Can you quote, word for word, every line from the first line of the records below through the line containing "Hatch Wiper Arm", and nothing else?

*** Block opens ***

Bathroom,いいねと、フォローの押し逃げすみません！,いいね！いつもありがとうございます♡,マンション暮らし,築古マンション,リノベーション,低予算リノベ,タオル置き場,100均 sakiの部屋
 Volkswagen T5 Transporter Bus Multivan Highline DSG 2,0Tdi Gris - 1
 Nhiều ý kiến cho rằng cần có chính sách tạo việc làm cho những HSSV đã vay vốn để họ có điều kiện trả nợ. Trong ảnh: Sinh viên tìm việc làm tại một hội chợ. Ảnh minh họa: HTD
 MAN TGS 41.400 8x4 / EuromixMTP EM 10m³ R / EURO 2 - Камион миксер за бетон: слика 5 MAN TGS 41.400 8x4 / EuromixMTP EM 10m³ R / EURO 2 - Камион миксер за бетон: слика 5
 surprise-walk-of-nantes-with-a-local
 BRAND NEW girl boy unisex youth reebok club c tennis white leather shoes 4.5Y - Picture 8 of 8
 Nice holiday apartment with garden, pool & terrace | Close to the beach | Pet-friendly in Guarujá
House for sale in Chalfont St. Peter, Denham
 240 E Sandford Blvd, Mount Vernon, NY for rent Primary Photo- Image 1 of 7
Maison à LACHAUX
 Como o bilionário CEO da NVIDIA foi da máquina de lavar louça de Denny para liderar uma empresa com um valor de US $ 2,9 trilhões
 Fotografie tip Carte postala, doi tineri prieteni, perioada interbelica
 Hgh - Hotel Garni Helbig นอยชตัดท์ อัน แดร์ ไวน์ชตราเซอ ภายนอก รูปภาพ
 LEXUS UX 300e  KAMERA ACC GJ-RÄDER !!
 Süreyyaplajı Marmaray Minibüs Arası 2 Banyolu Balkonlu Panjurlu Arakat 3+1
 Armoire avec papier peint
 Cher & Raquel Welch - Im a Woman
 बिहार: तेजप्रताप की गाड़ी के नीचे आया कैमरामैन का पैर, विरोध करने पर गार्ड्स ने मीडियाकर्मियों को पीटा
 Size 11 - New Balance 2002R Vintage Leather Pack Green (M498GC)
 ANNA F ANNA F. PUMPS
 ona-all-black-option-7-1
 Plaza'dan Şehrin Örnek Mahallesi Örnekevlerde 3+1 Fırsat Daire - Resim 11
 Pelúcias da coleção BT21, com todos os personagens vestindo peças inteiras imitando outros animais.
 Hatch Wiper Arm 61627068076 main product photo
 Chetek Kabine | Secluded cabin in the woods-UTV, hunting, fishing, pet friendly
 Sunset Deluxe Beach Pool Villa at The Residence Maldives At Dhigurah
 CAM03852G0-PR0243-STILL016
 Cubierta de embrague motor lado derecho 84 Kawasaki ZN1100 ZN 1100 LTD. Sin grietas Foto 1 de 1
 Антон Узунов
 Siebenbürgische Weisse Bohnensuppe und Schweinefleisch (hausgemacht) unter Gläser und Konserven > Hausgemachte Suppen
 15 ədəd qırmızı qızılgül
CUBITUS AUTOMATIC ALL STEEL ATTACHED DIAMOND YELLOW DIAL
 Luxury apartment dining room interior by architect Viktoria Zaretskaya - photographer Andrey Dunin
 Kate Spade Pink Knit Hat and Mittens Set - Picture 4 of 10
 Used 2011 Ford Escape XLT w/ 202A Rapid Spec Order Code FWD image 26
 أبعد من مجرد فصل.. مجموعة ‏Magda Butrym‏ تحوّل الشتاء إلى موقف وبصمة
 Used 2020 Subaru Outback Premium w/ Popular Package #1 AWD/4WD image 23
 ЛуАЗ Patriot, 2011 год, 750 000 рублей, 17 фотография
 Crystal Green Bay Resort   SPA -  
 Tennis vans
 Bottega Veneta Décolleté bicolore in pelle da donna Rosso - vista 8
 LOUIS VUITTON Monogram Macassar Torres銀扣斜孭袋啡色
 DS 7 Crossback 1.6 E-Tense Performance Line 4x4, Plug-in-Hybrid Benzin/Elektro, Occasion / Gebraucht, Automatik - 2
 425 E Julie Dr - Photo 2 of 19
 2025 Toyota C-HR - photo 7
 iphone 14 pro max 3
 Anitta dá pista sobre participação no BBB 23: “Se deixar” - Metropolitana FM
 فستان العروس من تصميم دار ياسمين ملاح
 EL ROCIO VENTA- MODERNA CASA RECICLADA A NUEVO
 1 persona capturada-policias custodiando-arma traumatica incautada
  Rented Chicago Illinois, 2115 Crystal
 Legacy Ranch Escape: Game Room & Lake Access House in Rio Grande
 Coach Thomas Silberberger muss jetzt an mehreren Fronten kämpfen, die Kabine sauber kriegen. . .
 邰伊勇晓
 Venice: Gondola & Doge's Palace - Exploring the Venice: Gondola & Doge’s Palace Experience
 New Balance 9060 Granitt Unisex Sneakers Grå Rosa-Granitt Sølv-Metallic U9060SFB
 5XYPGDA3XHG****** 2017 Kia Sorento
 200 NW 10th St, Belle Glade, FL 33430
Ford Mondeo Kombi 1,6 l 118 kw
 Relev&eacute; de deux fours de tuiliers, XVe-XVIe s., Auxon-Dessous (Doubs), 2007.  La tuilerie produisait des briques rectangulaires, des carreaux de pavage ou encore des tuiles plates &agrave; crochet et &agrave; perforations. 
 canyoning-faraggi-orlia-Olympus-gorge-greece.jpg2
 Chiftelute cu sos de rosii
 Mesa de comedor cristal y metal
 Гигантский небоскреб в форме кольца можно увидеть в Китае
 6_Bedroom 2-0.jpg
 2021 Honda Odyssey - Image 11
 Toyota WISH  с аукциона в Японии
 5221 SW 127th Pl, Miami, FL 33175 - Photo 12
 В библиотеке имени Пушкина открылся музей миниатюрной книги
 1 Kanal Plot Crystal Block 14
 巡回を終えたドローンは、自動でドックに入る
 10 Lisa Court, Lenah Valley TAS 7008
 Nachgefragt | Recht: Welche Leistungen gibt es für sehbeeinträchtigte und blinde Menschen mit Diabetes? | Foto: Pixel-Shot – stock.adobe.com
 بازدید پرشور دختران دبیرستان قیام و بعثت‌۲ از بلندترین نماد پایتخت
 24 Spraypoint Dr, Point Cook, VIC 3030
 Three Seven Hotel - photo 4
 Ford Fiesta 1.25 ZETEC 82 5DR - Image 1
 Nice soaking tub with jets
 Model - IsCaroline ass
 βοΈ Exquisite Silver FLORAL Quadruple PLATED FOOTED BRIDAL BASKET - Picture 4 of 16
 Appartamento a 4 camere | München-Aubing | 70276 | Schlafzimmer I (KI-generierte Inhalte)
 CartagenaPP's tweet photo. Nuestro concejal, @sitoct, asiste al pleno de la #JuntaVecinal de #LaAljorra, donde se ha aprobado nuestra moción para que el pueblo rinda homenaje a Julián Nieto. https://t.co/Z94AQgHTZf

*** Block closes ***

-- Answer space --
Bathroom,いいねと、フォローの押し逃げすみません！,いいね！いつもありがとうございます♡,マンション暮らし,築古マンション,リノベーション,低予算リノベ,タオル置き場,100均 sakiの部屋
 Volkswagen T5 Transporter Bus Multivan Highline DSG 2,0Tdi Gris - 1
 Nhiều ý kiến cho rằng cần có chính sách tạo việc làm cho những HSSV đã vay vốn để họ có điều kiện trả nợ. Trong ảnh: Sinh viên tìm việc làm tại một hội chợ. Ảnh minh họa: HTD
 MAN TGS 41.400 8x4 / EuromixMTP EM 10m³ R / EURO 2 - Камион миксер за бетон: слика 5 MAN TGS 41.400 8x4 / EuromixMTP EM 10m³ R / EURO 2 - Камион миксер за бетон: слика 5
 surprise-walk-of-nantes-with-a-local
 BRAND NEW girl boy unisex youth reebok club c tennis white leather shoes 4.5Y - Picture 8 of 8
 Nice holiday apartment with garden, pool & terrace | Close to the beach | Pet-friendly in Guarujá
House for sale in Chalfont St. Peter, Denham
 240 E Sandford Blvd, Mount Vernon, NY for rent Primary Photo- Image 1 of 7
Maison à LACHAUX
 Como o bilionário CEO da NVIDIA foi da máquina de lavar louça de Denny para liderar uma empresa com um valor de US $ 2,9 trilhões
 Fotografie tip Carte postala, doi tineri prieteni, perioada interbelica
 Hgh - Hotel Garni Helbig นอยชตัดท์ อัน แดร์ ไวน์ชตราเซอ ภายนอก รูปภาพ
 LEXUS UX 300e  KAMERA ACC GJ-RÄDER !!
 Süreyyaplajı Marmaray Minibüs Arası 2 Banyolu Balkonlu Panjurlu Arakat 3+1
 Armoire avec papier peint
 Cher & Raquel Welch - Im a Woman
 बिहार: तेजप्रताप की गाड़ी के नीचे आया कैमरामैन का पैर, विरोध करने पर गार्ड्स ने मीडियाकर्मियों को पीटा
 Size 11 - New Balance 2002R Vintage Leather Pack Green (M498GC)
 ANNA F ANNA F. PUMPS
 ona-all-black-option-7-1
 Plaza'dan Şehrin Örnek Mahallesi Örnekevlerde 3+1 Fırsat Daire - Resim 11
 Pelúcias da coleção BT21, com todos os personagens vestindo peças inteiras imitando outros animais.
 Hatch Wiper Arm 61627068076 main product photo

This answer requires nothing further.